Paramos para ver uma nova vinha que José plantou em terrenos que foi juntando do rendilhado de heranças. Trabalho feito a pulso, boa parte das vezes executado ao fim de semana. Alvarinho será a estrela desta empreitada. A caminho detemo-nos noutra parcela de vinha, em forma de meia-lua, nos terrenos da avó, José recupera uma casta que os locais chamam de Picopul tinto – “não se sabe quem a trouxe”, e que dela se fazia o Pical – vinho - e ou jeropiga.
Somos alertados para não pisar os morangos selvagens ocultos pela vegetação. José distingue-os com visão tipo raio-x. Aprendemos, também, a distingui-los. Denunciam-se pela cor e a folha.

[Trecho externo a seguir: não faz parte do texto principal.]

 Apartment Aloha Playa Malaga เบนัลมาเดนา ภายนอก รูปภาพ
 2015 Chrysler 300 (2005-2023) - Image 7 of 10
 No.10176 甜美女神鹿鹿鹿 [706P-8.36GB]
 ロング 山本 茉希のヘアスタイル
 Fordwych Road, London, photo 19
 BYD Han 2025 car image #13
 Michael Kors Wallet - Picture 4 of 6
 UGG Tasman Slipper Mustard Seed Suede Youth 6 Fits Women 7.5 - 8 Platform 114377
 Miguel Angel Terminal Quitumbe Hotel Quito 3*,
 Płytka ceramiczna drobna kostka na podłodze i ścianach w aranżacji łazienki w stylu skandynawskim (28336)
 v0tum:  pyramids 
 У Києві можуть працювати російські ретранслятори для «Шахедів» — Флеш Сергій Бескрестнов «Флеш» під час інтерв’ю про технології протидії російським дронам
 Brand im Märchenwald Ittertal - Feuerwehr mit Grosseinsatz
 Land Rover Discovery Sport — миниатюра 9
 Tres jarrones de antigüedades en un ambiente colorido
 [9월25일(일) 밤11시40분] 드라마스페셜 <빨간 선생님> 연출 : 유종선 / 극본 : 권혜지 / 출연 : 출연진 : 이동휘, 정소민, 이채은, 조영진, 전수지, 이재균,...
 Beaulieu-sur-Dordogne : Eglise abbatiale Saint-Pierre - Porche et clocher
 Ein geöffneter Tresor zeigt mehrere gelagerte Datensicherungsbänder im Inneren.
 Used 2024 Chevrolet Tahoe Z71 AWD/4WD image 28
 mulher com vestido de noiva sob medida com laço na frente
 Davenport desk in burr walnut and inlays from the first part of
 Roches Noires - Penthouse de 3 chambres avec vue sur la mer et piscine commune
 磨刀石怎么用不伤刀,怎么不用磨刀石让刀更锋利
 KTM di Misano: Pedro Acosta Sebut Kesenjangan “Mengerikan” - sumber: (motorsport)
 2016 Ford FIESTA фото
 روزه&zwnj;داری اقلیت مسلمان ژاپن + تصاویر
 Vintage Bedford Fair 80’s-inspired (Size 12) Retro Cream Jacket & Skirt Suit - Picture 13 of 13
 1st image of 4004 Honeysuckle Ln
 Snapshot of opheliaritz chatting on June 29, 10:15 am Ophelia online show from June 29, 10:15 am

Entretanto, chegamos ao tal cantinho tão especial de vinhas antigas em pergola bem tradicional, numa encosta de mini-socalcos verdejantes, plena de vida ali a escassos metros do rio. Temos de nos agarrar às videiras para mantermos o equilíbrio ao caminhar. Destas vinhas centenárias resultam, aparte o brilhante espumante e o Alvarinho categórico, um tinto capaz de converter quem não gosta ou tem má ideia dos tintos da região.
Este é um tinto diferente, de menor extração, acentuado na frescura aromática e recupera um estilo antigo de um passado glorioso dos “tintos de Monção” que há séculos atrás eram vistos, pasmem-se, como elegantes. Felizmente, hoje na sub-região, há quem faça o mesmo.
Algumas destas videiras estão em pé franco, José nem sabe se foi o avô que as plantou. Minhas multiplicadas por mergulhia, outras enxertadas em porta enxertos. A cor aberta tradicional dos “tintos de Monção” devia-se a algumas uvas brancas misturadas ou ao fato de uma planta ter duas castas diferentes, resultado de enxertias “caseiras”.
As pessoas “metiam o que gostavam” e ia tudo junto.
Nestas vinhas há um pouco de tudo o que são castas tradicionais: Tinturão Francês, Negrão, Cainho, Vinhão, Borraçal, Brancelho, Verdelho Feijão, um Alvarelhão da freguesia – que pensa ser outro clone de Alvarelhão - Pedral, Pical-pôlho (Pical), e outras. Só por isso já vale a pena conhecer.
Mas o projeto Terrunho d’Alma contempla ainda outro vinho, mas do vale do Lima, uma sub-região a sul de Monção e Melgaço. O Terrunho D'Alma "Notas Soltas" Loureiro 2021 é elaborado a partir de uma vinha de ramada com 70 anos de idade, de clones antigos pouco produtivos que resultam em teores alcoólicos baixos. A vinha está localizada em uma encosta com solos variados, com destaque para a componente xistosa. É um Loureiro recatado de aroma, ligeiro, mas afirmativo e com capacidade de guarda.
José e os seus Terrunho trazem alma e qualidade, preservam património e ainda consegue acrescentar coisas à revolução de qualidade da região.